*Task goal*: Retype nothing except the lines below from the one with "Glioblastoma glioblastoma multiforme" through the one with "Synthetic method of", exactly, with images left out.

** Source records follows **

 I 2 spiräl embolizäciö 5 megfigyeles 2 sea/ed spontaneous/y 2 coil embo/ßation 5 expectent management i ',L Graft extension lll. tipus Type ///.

** End of Source records **
** Source records follows **

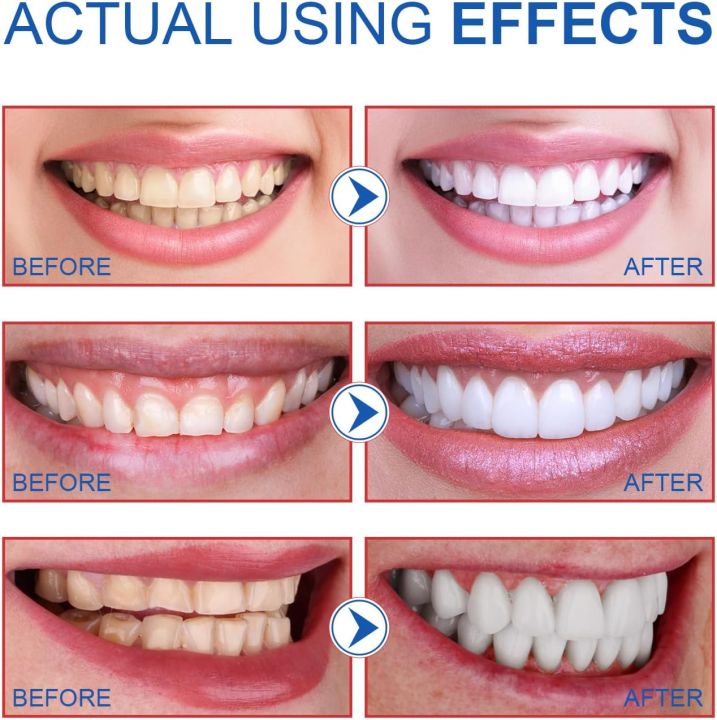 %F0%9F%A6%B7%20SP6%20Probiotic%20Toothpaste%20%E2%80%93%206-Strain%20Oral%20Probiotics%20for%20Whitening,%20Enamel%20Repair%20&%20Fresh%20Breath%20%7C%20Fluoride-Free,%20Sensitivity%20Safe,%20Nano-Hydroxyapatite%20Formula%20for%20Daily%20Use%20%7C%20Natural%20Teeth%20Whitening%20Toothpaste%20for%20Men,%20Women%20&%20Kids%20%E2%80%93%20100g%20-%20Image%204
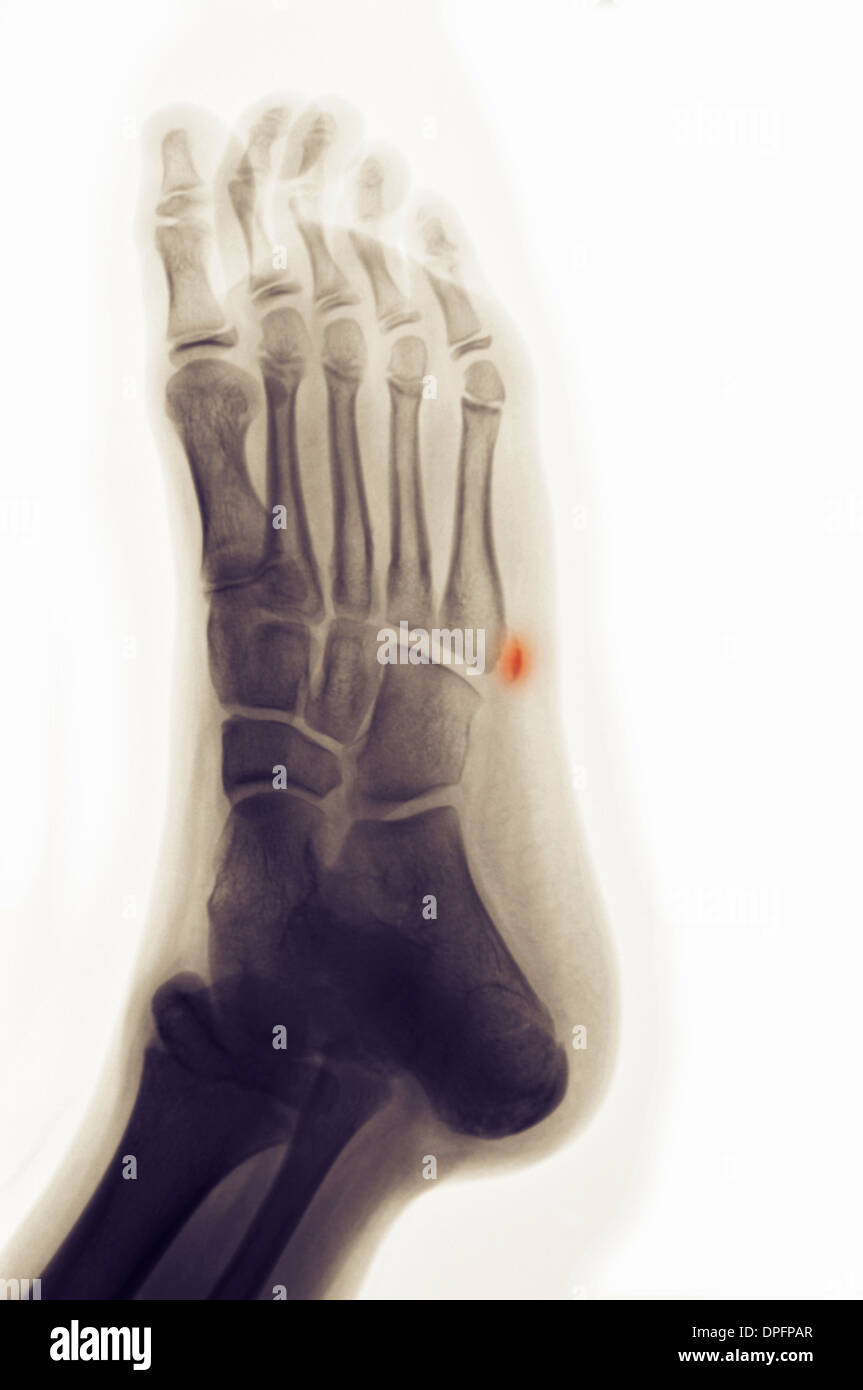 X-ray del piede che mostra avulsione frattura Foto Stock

** End of Source records **
** Source records follows **

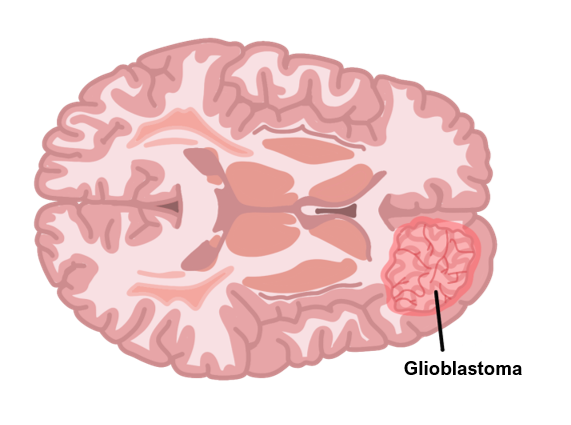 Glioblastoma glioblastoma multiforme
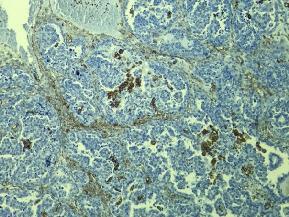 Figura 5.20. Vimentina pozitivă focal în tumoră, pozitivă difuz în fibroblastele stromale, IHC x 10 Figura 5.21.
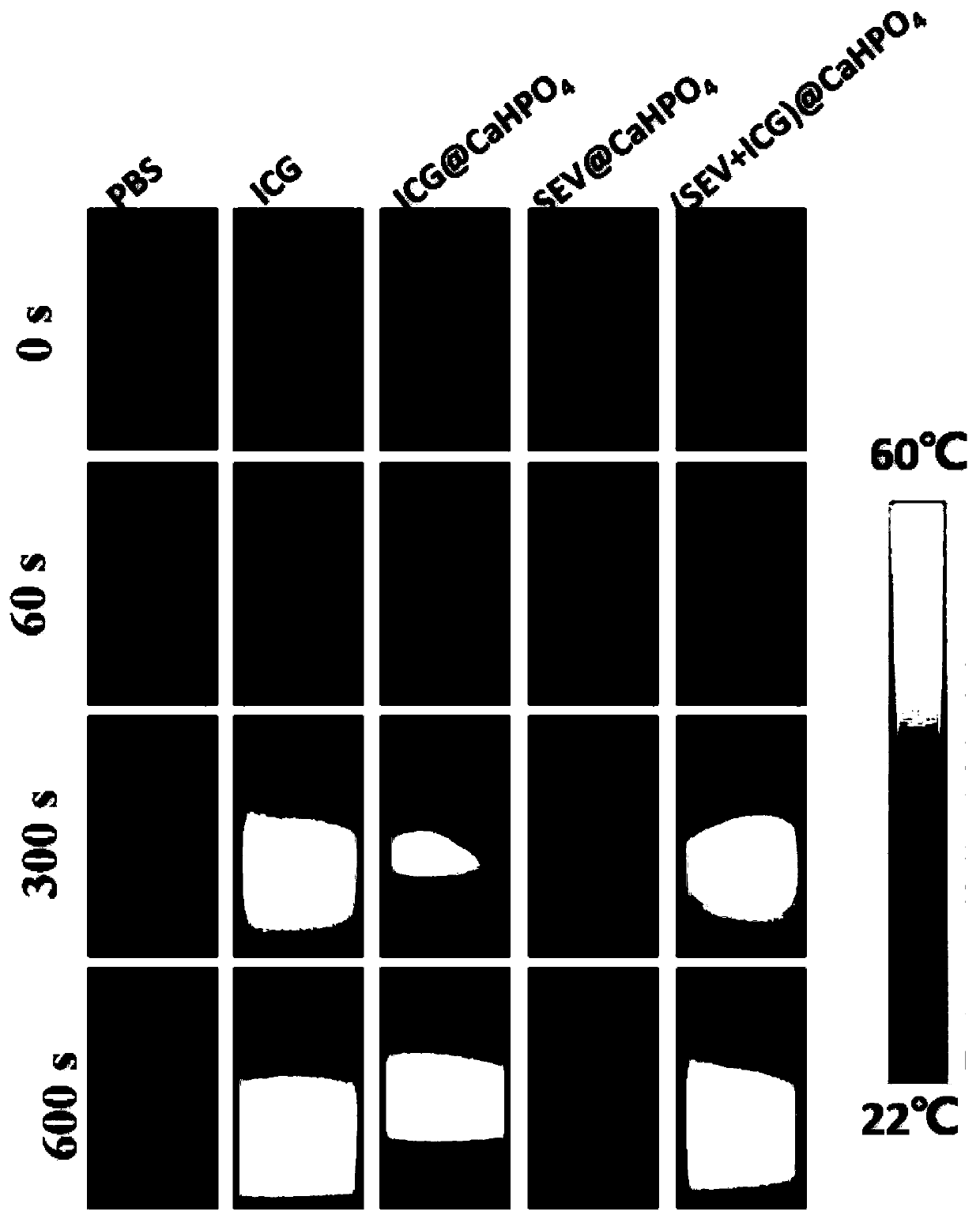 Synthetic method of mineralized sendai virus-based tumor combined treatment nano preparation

** End of Source records **

*Written solution*:
 Glioblastoma glioblastoma multiforme
 Figura 5.20. Vimentina pozitivă focal în tumoră, pozitivă difuz în fibroblastele stromale, IHC x 10 Figura 5.21.
 Synthetic method of mineralized sendai virus-based tumor combined treatment nano preparation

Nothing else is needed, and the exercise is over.